_What you will do_
Please reproduce the entries below exactly from the line holding "Mini Massager with" through the last line, both included, and omit any pictures.

= Beginning of Section =

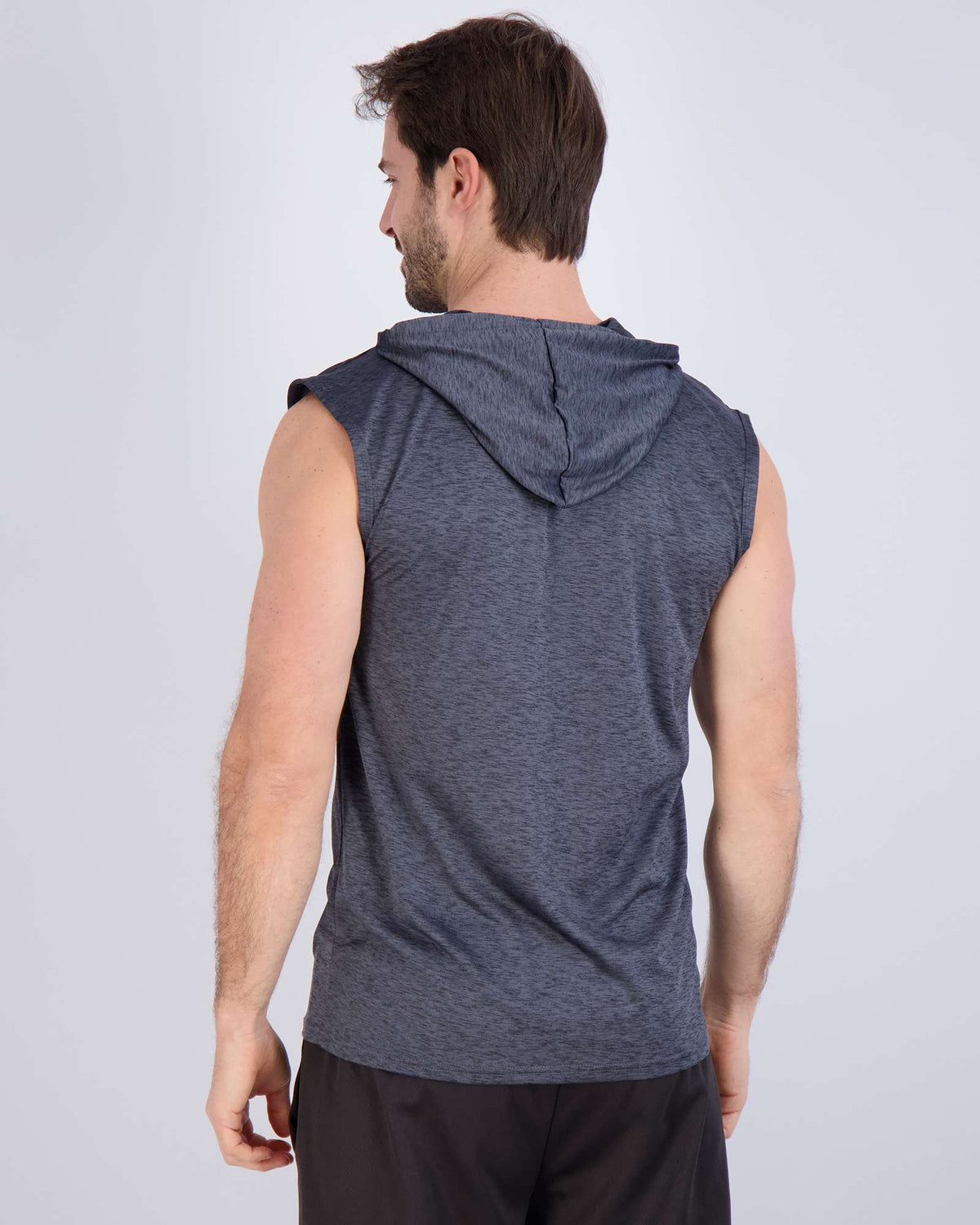 Real Essentials 3 Pack Men's Dry Fit Tank Top Hoodie Sleeveless Workout Gym Muscle Shirts - Set 9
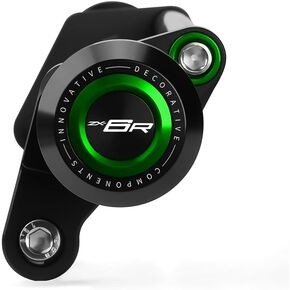 واقي إطار الدراجة النارية من السقوط للحماية من التصادم باستخدام الحاسب الآلي متوافق مع Ninja ZX6R 2024 2025 2026 واقيات انسيابية المحرك ZX636 Ninja636 ZX-6R ZX6R ملحقات (أخضر) in Kuwait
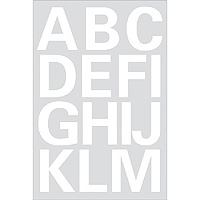 HERMA Letters 25mm A-Z film weatherproof white 2 sheets símbolo autoadhesivo 
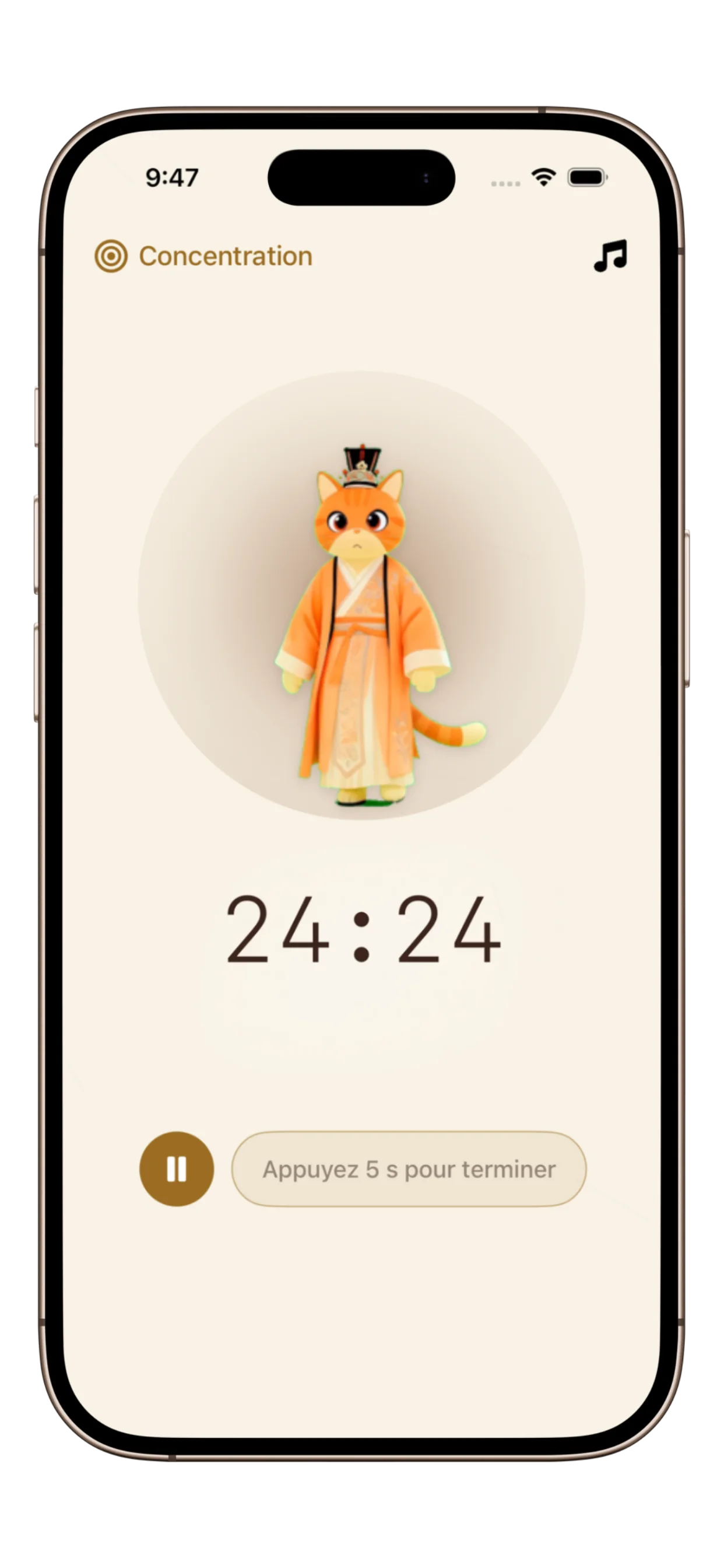 Minuteur PurrrrrFocus pour les études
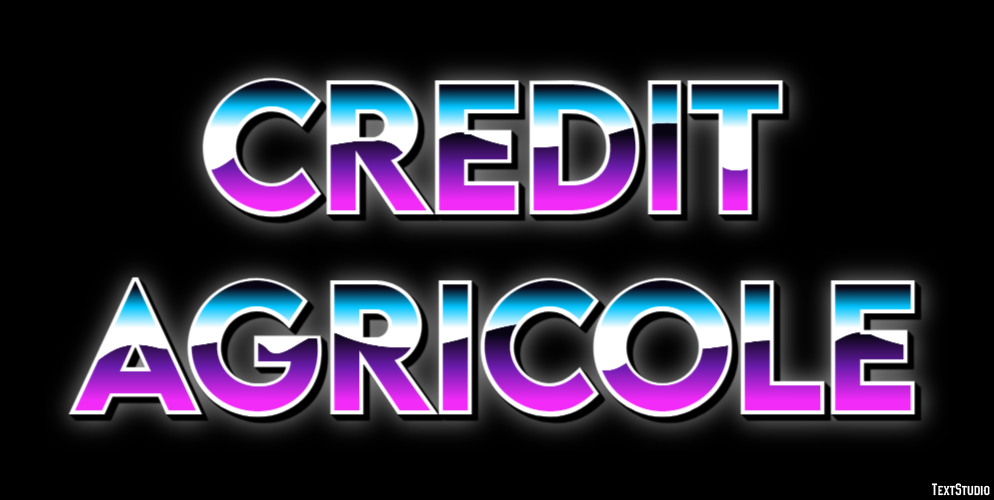 Credit Agricole Texteffekt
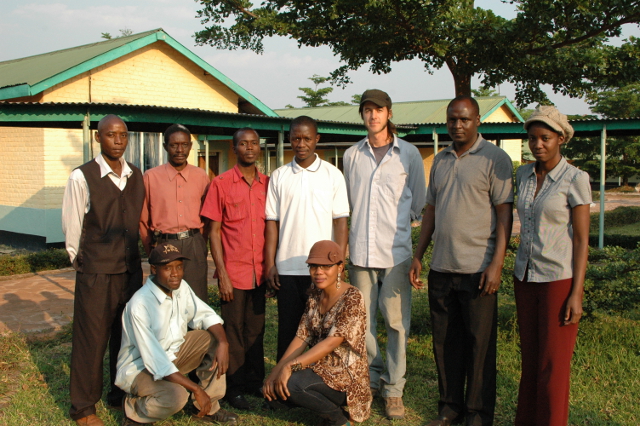 Jimmy and the Misamfu Research Station team
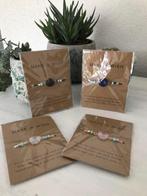 Geluk armband op kaart met wens armband make a wish, Overige materialen, Verburgt Vintage, Overige kleuren, Nieuw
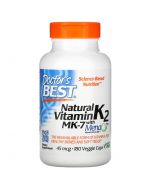 Doctor's Best Natural Vitamin K2 MK7 with MenaQ7 45mcg Vcaps 180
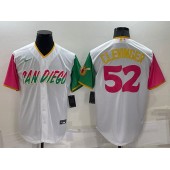 Padres 52 Mike Clevinger White Nike 2022 City Connect Cool Base Jersey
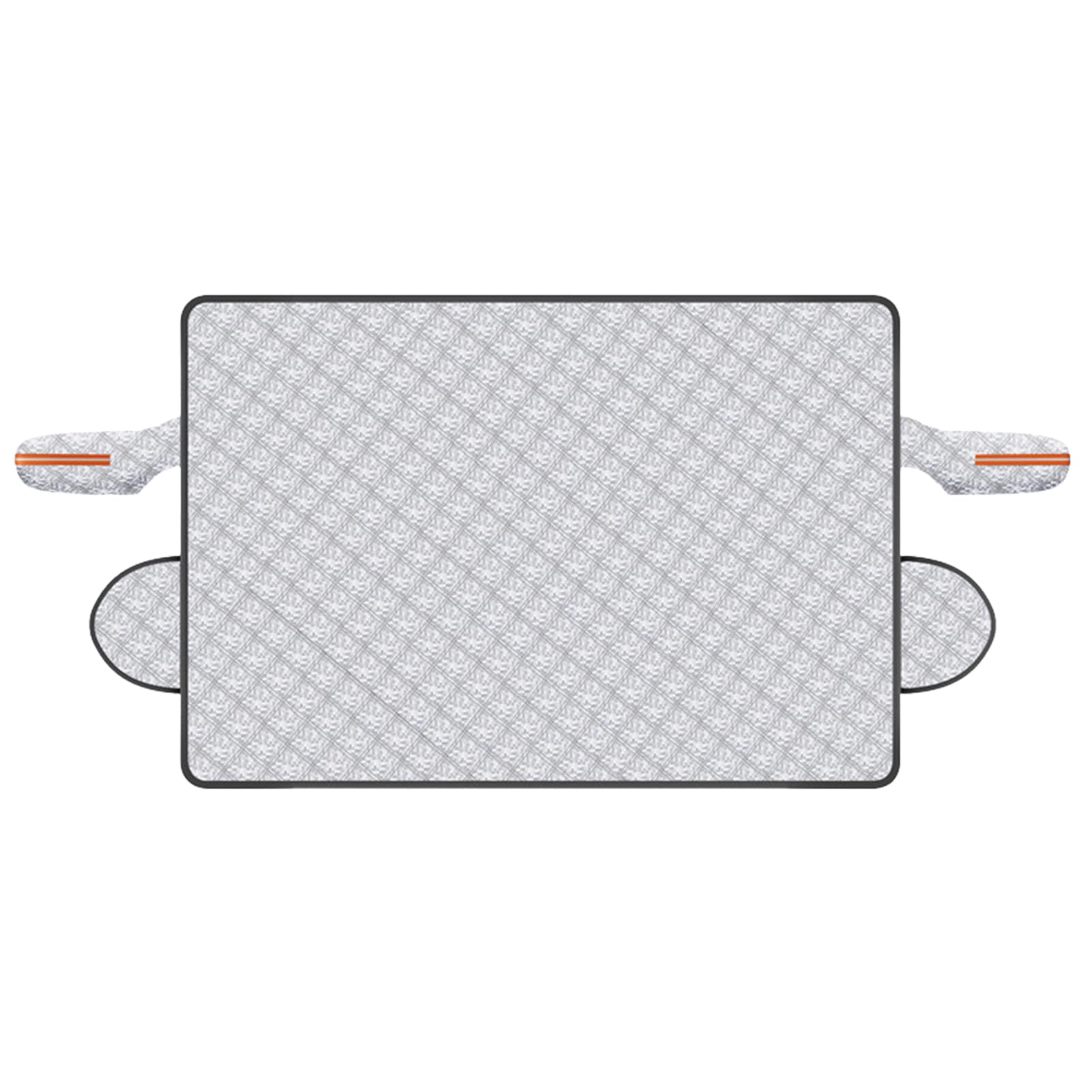 KIEUIENK Windschutzscheibenabdeckung für Eis und Schnee, Frostabdeckung für Auto-Windschutzscheibe, magnetisch, dicker Schneefang mit Seitenspiegelabdeckung, reflektierender Streifen, von KIEUIENK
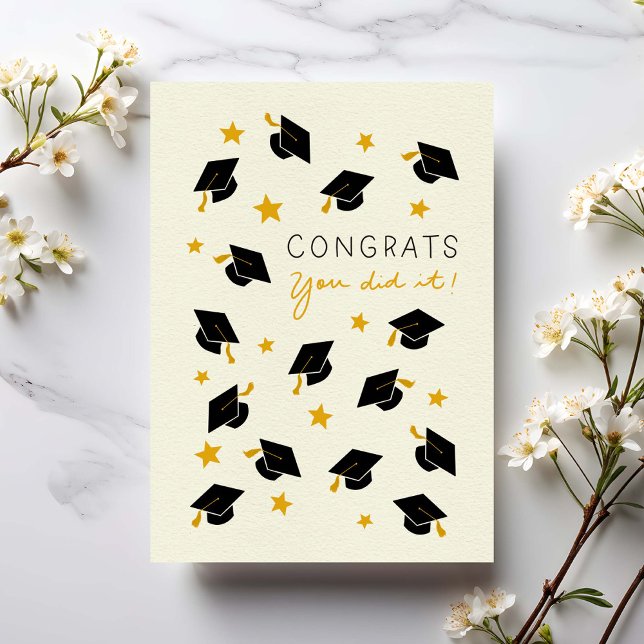 Carte Graduation Congrats manuscrits Vous L'Avez Fait (Créateur téléchargé)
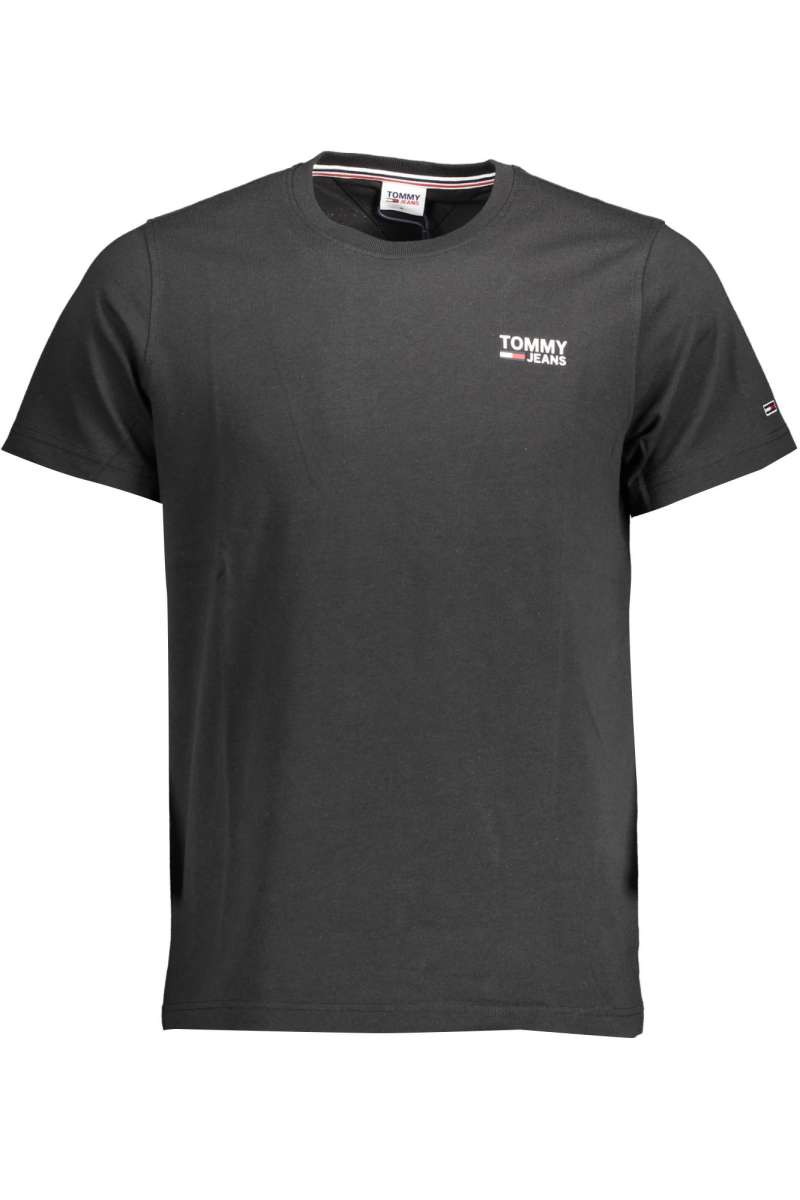 TOMMY HILFIGER Ανδρικό μπλουζάκι κοντό μανίκι DM0DM09588 Μαύρο BDS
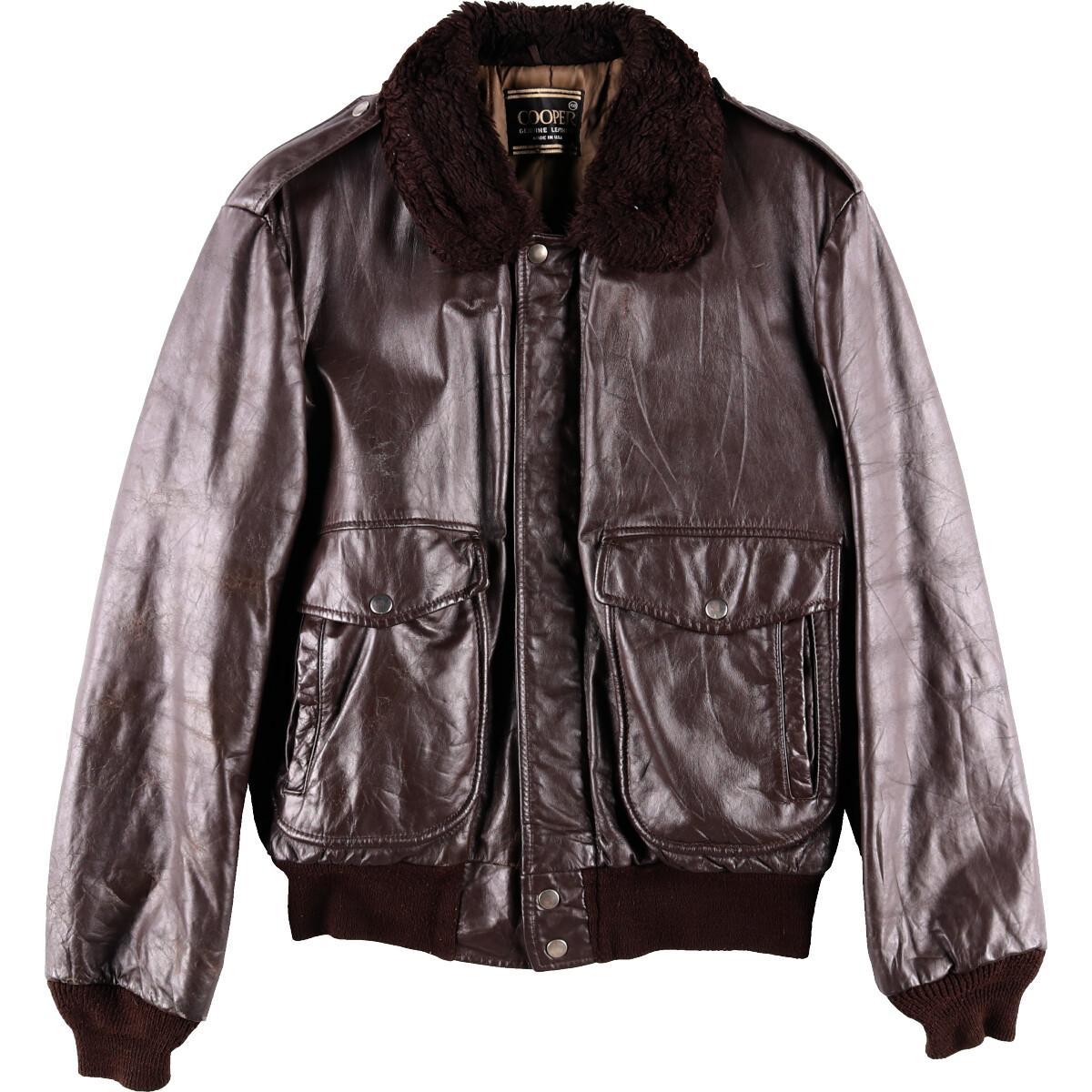 楽天市場】80年代 COOPER G-1タイプ レザーフライトジャケット USA製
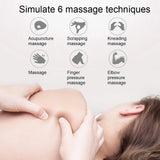 Mini Massager with 8 Modes and 19 Strength Levels, Rechargeable Electric Massager for Shoulder, Arms, Legs, Back Pain for Men and Women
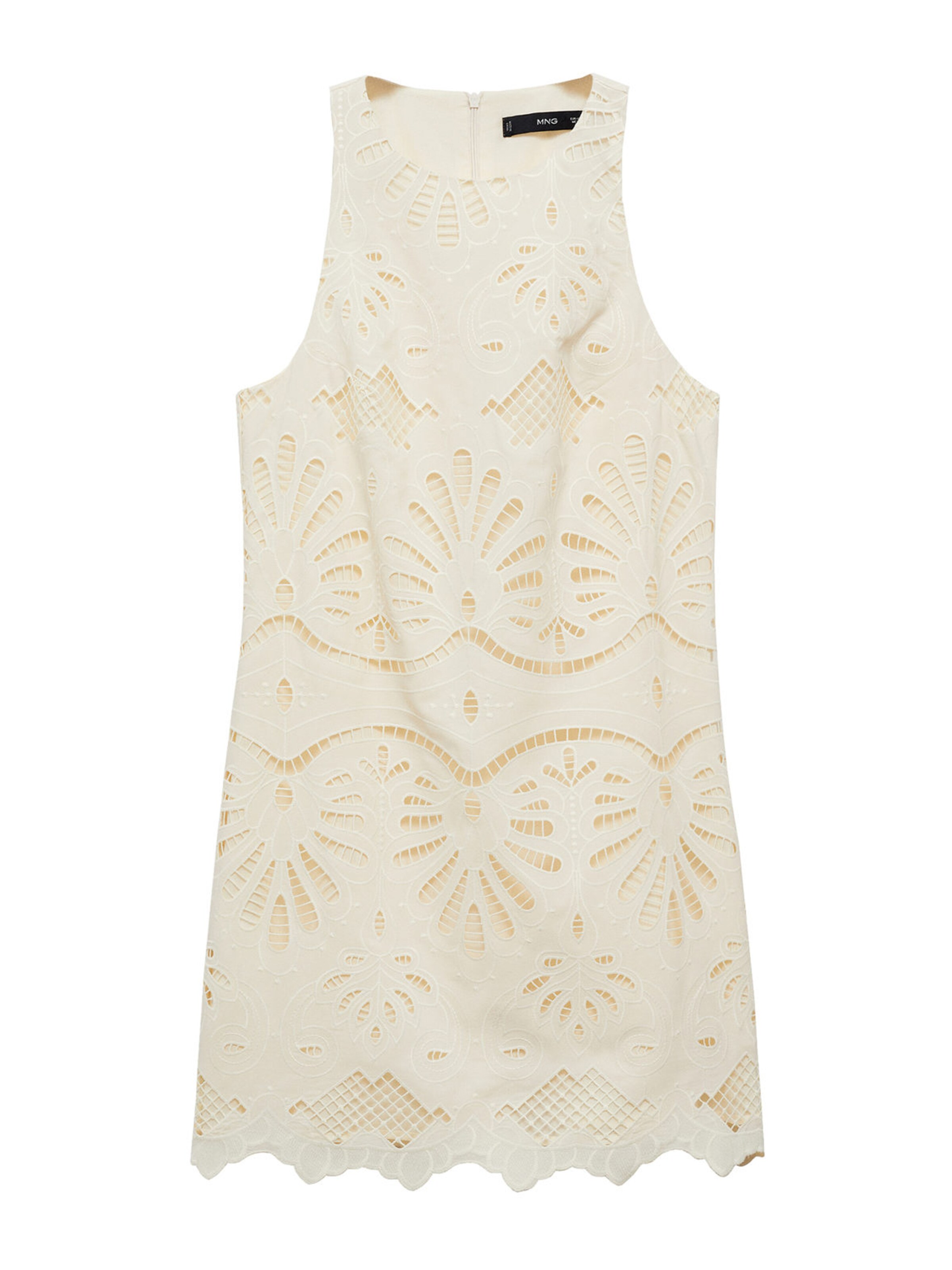 MANGO Sukienka 'Tika' w kolorze beżowy: przód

= End of Section =

_Answer to the exercise_
 Mini Massager with 8 Modes and 19 Strength Levels, Rechargeable Electric Massager for Shoulder, Arms, Legs, Back Pain for Men and Women
 MANGO Sukienka 'Tika' w kolorze beżowy: przód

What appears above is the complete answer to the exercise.